The data in pic form is here. I also uploaded it on the BBB Yahoo Group.
What does the data tell us.
Of the 46 scenarios, 17 had only 1 play, 10 two plays, and 19 three plays or more.
Of those 19, 8 had three plays, 2 four plays, 1 five plays, 3 six plays, 2 seven plays, 2 eight plays, 1 nine plays.
The total plays on file (observations) was 131. Of those 45% (60) were victories for the historical victor, 22% (29) Draws, and 33% (43) Victories for the historical defeated. At the grand level we have thus a good spread for balance purposes.
One thing noted about the scenarios with the most plays is that they tend to be light on terrain requirements, which might explain why they tend to be played more often in the data.

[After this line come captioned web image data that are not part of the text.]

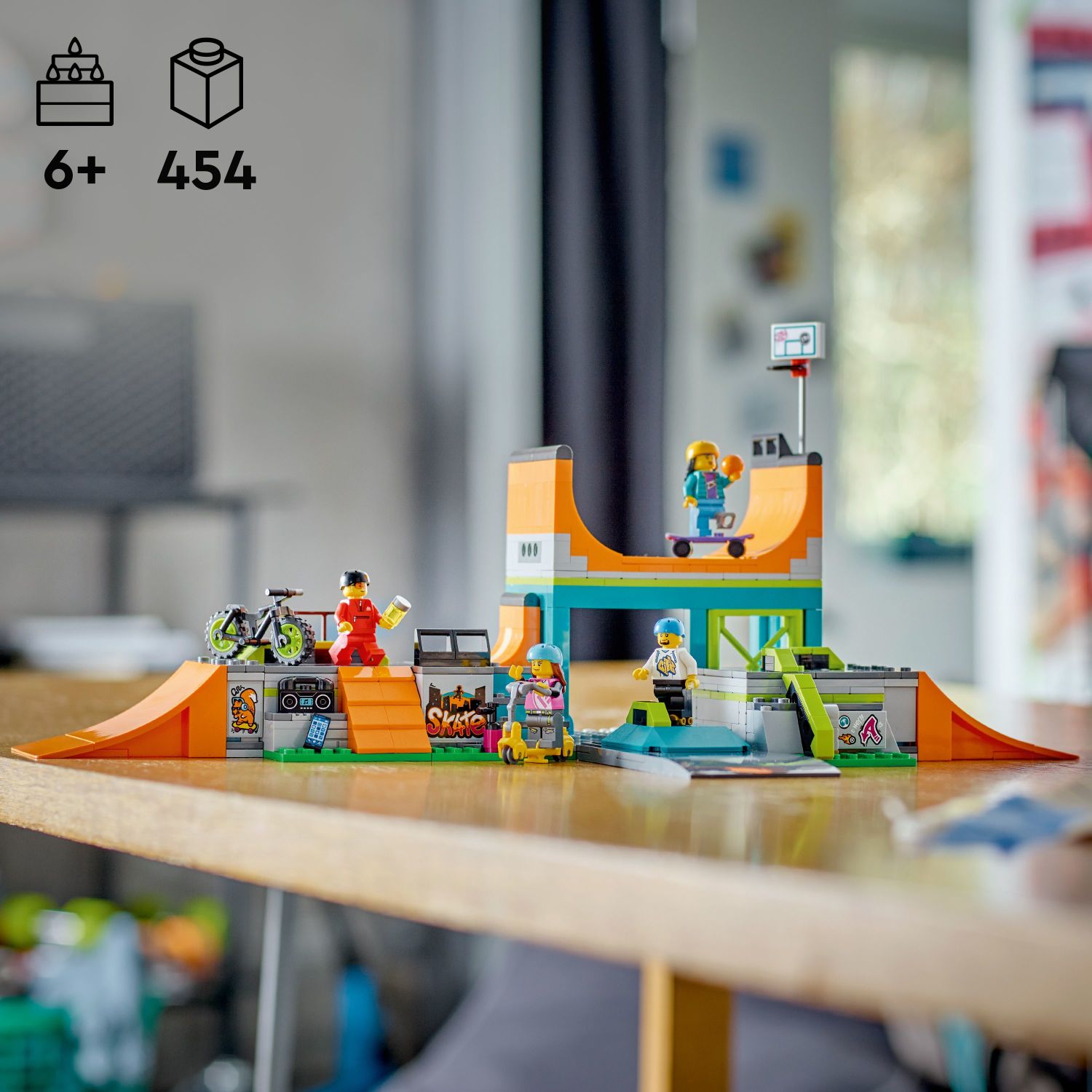 LEGO - City Street Skate Park 60364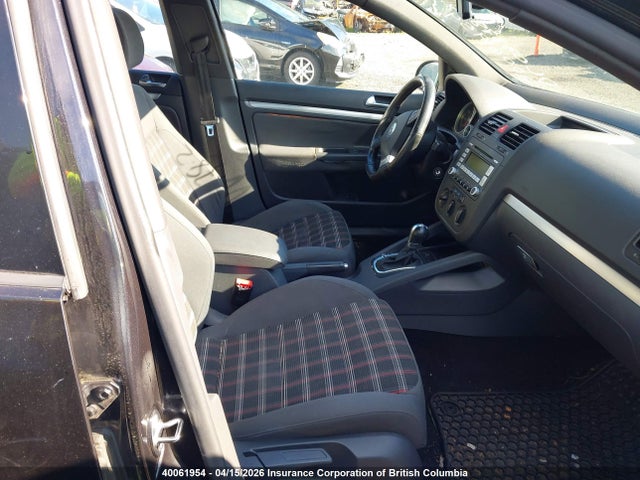 2007 Volkswagen New Gti მანქანა იყიდება აუქციონზე, vin: WVWHV71K87W152645, აუქციონის ნომერი: 40061954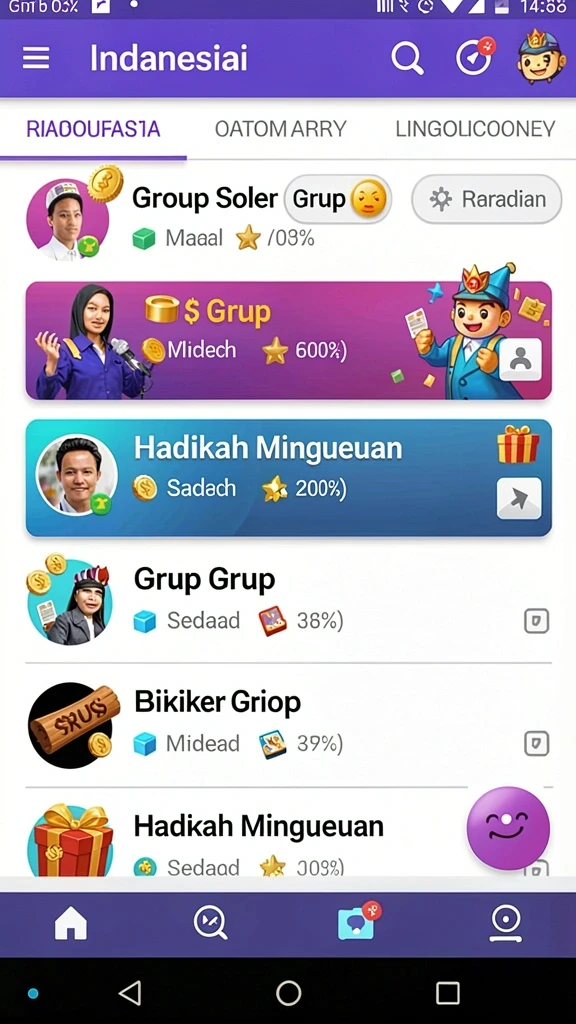 Screenshot nanas777 nomor 1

When it comes to balance. Using the 1-1-1 rule, of the 19 scenarios with more than three plays, 7 exhibit indicators that they might have balancing issues. When it comes to the 1/3rd rule that raises to 8. Six scenarios share balance issues under both rules. These are Tacna, Nashville, Langesalza, Gravelotte, Spotsylvania, and 3rd Pleven. The most egregious cases are 3rd Pleven (with all 7 plays resulting in a victory for the historical defeated), Gravellotte (with all 3 plays resulting in a victory for the historical defeated) , while Langesalza, Tacna, and Nashville all had 3 plays each, all resutling in victories for the historical victor.
If we look at only games with five or more plays, of the 9 scenarios only two have issues under 1-1-1, and only three under 1/3rd.
What does this tell us. In general BBB scenarios tend to give good games. The majority of scenarios with multiple plays also produce indicators that they are balances. However, there are some scenarios that will need to be revisited.
So keep on writing, playing and tweaking them! And try some of the terrain heavy scenarios!